1 Juan Esteves 12.15.09 at 9:20 am

Great post!
Regarding your theory about “Not enough people were confirming, and they back-pedaled due to low response”: if I had run this campaign I would have probably tested it first to a portion of the inactive file to gauge response. After monitoring responses I would have made the decision of whether to roll this out to the whole inactive portion of the file.

2 Julie Waite 12.15.09 at 10:37 am

That strategy is very smart – thanks for sharing!

3 Juan Esteves 12.15.09 at 11:21 am

This also begs the question of how do they define an inactive subscriber universe. Correct me if I’m I’m wrongfully assuming that as an email blogger, you’ve probably at least opened a handful of their emails in recent history… If that’s the case, why would you qualify to get this email?
We need to understand the difference between people opening our messages and not interacting with them further (hint hint, your content needs to be more relevant; you’re engaging a recipient with irrelevant content) and people just not opening them, period.

4 Julie Waite 12.15.09 at 4:10 pm

Good point, Juan. The account I received this is was my “junk” account that I use for shopping online, etc.
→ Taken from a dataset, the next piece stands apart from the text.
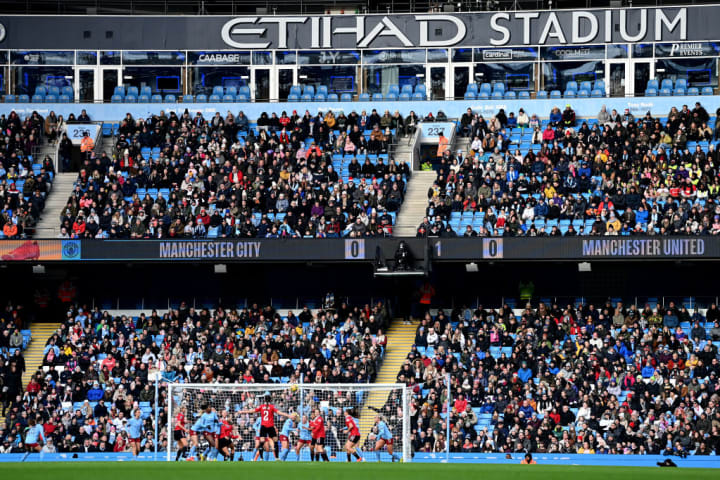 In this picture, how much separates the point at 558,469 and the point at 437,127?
2260 centimetres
I rarely check it unless I’m looking for order/shipping confirmations (as I am a lot during this holiday season!), and since I receive BB&B emails at my regular personal address as well, I don’t open most messages there. I’m betting they went off non-openers, but openers who don’t click are just as important to investigate and re-engage.

5 Brad (@bnash972) 12.17.09 at 3:44 pm

The other possibility is that they kept anyone that opened on the list and only removed those that didn’t open. Still another miss, but common practice. And IMHO not a bad idea, however the creative should have been changed. I like to give a yes and no option. Anyone that clicks no is instantly unsubscribed. (always make it painfully easy to opt-out.) Anyone that clicks yes goes back in to the main list.
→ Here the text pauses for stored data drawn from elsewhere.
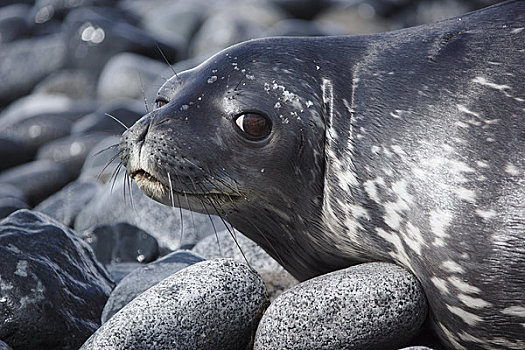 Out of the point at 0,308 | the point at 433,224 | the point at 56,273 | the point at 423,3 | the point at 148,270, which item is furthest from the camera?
the point at 423,3

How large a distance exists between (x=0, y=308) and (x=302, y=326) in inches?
69.5

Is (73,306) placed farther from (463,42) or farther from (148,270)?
(463,42)

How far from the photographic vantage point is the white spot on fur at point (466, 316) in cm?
377

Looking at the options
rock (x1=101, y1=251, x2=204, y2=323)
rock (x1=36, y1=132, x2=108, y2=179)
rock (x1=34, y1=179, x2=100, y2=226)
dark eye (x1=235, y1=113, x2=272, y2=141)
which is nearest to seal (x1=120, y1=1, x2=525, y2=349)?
dark eye (x1=235, y1=113, x2=272, y2=141)

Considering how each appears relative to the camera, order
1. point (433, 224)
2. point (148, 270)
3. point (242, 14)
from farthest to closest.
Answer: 1. point (242, 14)
2. point (148, 270)
3. point (433, 224)

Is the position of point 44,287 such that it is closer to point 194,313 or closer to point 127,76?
point 194,313

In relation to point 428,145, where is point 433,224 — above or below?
below

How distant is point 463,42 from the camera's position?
4.18 m

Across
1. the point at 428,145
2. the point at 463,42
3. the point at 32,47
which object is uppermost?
the point at 463,42

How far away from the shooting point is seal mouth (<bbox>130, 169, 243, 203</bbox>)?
163 inches

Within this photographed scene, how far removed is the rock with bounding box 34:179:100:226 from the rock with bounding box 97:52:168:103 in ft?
17.9

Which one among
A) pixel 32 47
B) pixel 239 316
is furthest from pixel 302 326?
pixel 32 47

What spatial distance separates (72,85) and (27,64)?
1.72 m

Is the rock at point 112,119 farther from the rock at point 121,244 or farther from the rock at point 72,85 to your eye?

Those that opened but didn’t click? That depends on the original criteria for “inactive”, the size of population, company goals, and a little intuition. At a minimum, I’d put them on a lower frequency. Ideally try a secondary more proactive re-engagement plan. Possibly survey them. Or just remove them.
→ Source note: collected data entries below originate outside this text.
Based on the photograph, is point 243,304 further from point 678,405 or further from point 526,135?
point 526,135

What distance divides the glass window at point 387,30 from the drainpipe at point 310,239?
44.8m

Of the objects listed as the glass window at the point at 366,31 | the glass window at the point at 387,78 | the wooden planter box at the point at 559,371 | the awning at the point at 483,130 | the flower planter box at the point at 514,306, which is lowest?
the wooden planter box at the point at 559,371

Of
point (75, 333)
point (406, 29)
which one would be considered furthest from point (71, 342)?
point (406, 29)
6 Julie Waite 12.18.09 at 9:26 am

Great suggestions, Brad. I like the big YES/NO button designs for these types of campaigns as well. A lot of marketers use the line “If you no longer want to receive emails from us, do nothing and we will remove you from our list” – which I don’t feel consumers can trust will actually happen… and as we see with BB&B, that feeling is well founded.

7 Rob 12.29.09 at 10:44 am

What incentive do you have to click “YES”? Maybe offer a coupon, discount or contest entry to entice the user to click? After all this a retail store so give the customer a little something for their time.

But the reality is the rate of email rot and how to keep your database fresh.

We are experiencing this where I work and it’s a touchy subject to those in charge. Do you send these out and ask your customers to do something or do you act on your own without the customer? We do remove users from our database if their email is dead but it’s a daunting task if you let it go for a while.

For a retail outlet I would know who clicks on our email links, who buys from those clicks, who opens the email, who doesn’t, who spends $$, etc… Then start the clean up from there…usually from the bottom since that’s where you will get the most “bang for your buck”.

8 Julie 01.06.10 at 10:03 am

Interesting points, Rob. BB&B outlined the benefits of staying subscribed (special offers, etc.) but no incentive. I’m sure marketers would debate incentivizing (free shipping, 10% off) versus not incentivizing, as the point is to reinvigorate real interest and engagement, not just drive initial response and have people drop off again once they get their incentive.